The oil seal pursuant to this embodiment is double-rotating seal that
corresponds to a
rotation of an axis (a mate member, not shown in the drawing) in both a normal
and a
reverse direction. It has the following constitution.
[0031]
In other words, as shown in Fig. 1, a seal lip 1 that is closely fitted to be
able to slide on
a circumferential surface of an axis by a rubber-like elastic member mounted
(vulcanized bonding) onto a metallic ring (not shown in the drawing) is
disposed. A
sealing-fluid side-surface (inclination surface) 2 and an atmospheric-side
surface
(inclination surface) 3 are disposed on a seal lip 1 tip sliding portion.

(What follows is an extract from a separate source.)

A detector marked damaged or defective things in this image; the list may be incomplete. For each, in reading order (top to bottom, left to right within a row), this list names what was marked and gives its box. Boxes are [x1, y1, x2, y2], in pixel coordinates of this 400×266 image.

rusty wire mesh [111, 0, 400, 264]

The
symbol 4
denotes the lip tip intersected by both side surfaces 2 and 3; it has an apex-
shape.
[0032]
A normal thread (normal thread portion) 11 that attains sealing functionality
by pushing
back sealing fluid to the sealing-fluid side X by a pumping action when the
axis is
rotating (normal rotation, arrow Z) in a normal direction, and a reverse
thread (reverse
thread portion) 21 that attains sealing functionality by pushing back sealing
fluid to the
sealing-fluid side X by the pumping action when the axis is rotating (reverse
rotation) in
a reverse direction are disposed on the atmospheric-side surface 3 of the two
side
surfaces 2 and 3 on the seal lip 1. One or a plurality of these normal threads
11 and
reverse threads 21 are disposed alternately on a circumference (for example,
eight are
equally arranged), or disposed half-way around the circumference. In any case,
they are
disposed side-by-side around the circumference.
[0033]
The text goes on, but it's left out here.